We will compare samples from the GAN and VAE using a **feature Fréchet distance** proxy:
1) Extract features from the **Discriminator** (penultimate conv layer)
2) Fit Gaussians to **real** vs **fake** features
3) Compute **Fréchet distance**:  
   $\|\mu_r-\mu_f\|^2 + \mathrm{Tr}(\Sigma_r + \Sigma_f - 2(\Sigma_r \Sigma_f)^{1/2})$




> This is not the official FID (which uses Inception), but behaves similarly for quick lab work.


In [None]:

# ===== (Optional TODO) Proxy FID-like Metric =====
# Requires scipy for sqrtm
try:
    from scipy import linalg
    SCIPY_OK = True
except Exception:
    SCIPY_OK = False
    print("SciPy not available — skipping proxy FID. You can !pip install scipy and re-run.")

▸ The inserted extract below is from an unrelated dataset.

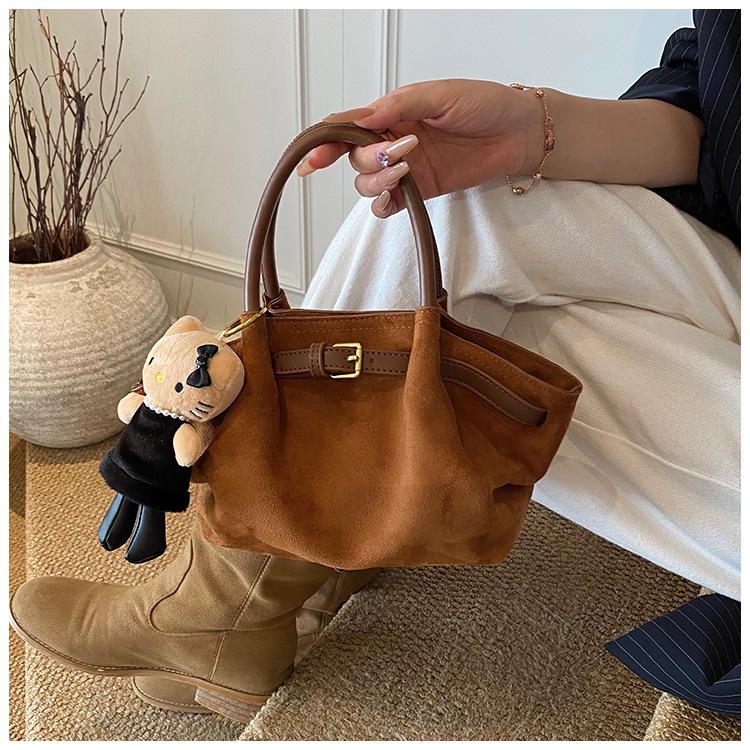 Ретро матовая женская сумка кроссбоди - издание Осень/Зима 2025: Сумка с цветовыми блоками, универсальная и высококлассная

def get_features(disc, loader, n_batches=50, use_fake=False, generator=None):
    disc.eval()
    feats = []
    with torch.no_grad():
        for i, (x, _) in enumerate(loader):
            if i >= n_batches: break
            x = x.to(device)
            if use_fake:
                z = torch.randn(x.size(0), Z_DIM, device=device)
                x = generator(z)
            _, f = disc(x)
            f = F.adaptive_avg_pool2d(f, 1).flatten(1)  # (B, C)
            feats.append(f.cpu())
    return torch.cat(feats, dim=0).numpy()

def gaussian_stats(X):
    mu = X.mean(axis=0)
    sigma = np.cov(X, rowvar=False)
    return mu, sigma

def frechet_distance(mu1, sigma1, mu2, sigma2, eps=1e-6):
    diff = mu1 - mu2
    covmean, _ = linalg.sqrtm(sigma1.dot(sigma2), disp=False)
    if not np.isfinite(covmean).all():
        covmean = linalg.sqrtm((sigma1 + np.eye(sigma1.shape[0])*eps).dot(sigma2 + np.eye(sigma2.shape[0])*eps))
    if np.iscomplexobj(covmean):
        covmean = covmean.real
    fid = diff.dot(diff) + np.trace(sigma1 + sigma2 - 2*covmean)
    return float(fid)

if SCIPY_OK:
    print("Computing real features...")
    real_feats = get_features(D, test_loader, n_batches=80, use_fake=False)
    print("Computing GAN fake features...")
    fake_feats_gan = get_features(D, test_loader, n_batches=80, use_fake=True, generator=G)
    mu_r, sig_r = gaussian_stats(real_feats)
    mu_g, sig_g = gaussian_stats(fake_feats_gan)
    fid_gan = frechet_distance(mu_r, sig_r, mu_g, sig_g)
    print(f"Proxy FID (GAN vs real): {fid_gan:.2f}")

    # VAE samples
    vae.eval()
    all_vae = []
    with torch.no_grad():
        for _ in range(80):
            z = torch.randn(BATCH, LATENT, device=device)
            all_vae.append(vae.decode(z).cpu())
    all_vae = torch.cat(all_vae, dim=0)[:len(real_feats)]

    fake_feats_vae = []
    print("Computing VAE fake features...")
    with torch.no_grad():
        for i in range(0, len(all_vae), BATCH):
            batch = all_vae[i:i+BATCH].to(device)
            _, f = D(batch)
            f = F.adaptive_avg_pool2d(f, 1).flatten(1)
            fake_feats_vae.append(f.cpu())
    fake_feats_vae = torch.cat(fake_feats_vae, dim=0).numpy()
    mu_v, sig_v = gaussian_stats(fake_feats_vae)
    fid_vae = frechet_distance(mu_r, sig_r, mu_v, sig_v)
    print(f"Proxy FID (VAE vs real): {fid_vae:.2f}")



---

## 📝 Final Reflection (to submit)

1. Copy all the generated outputs, don't forget to label them (e.g   Fashion-MNIST, GAN, Z_DIM=128, EPOCH=... )

2. Include image grids:
   - GAN samples (best epoch)
   - VAE reconstructions
   - VAE latent interpolation

3. Include your **proxy FID-like** numbers for GAN and VAE.

4. Answer briefly:
   - What hyperparameters most influenced **GAN stability** in your runs?
   - Evidence of **mode collapse** (if any)? What helped?
   - How did **latent dim** affect VAE reconstructions and samples?
   - One idea to combine benefits of both models (e.g., **VAE-GAN**).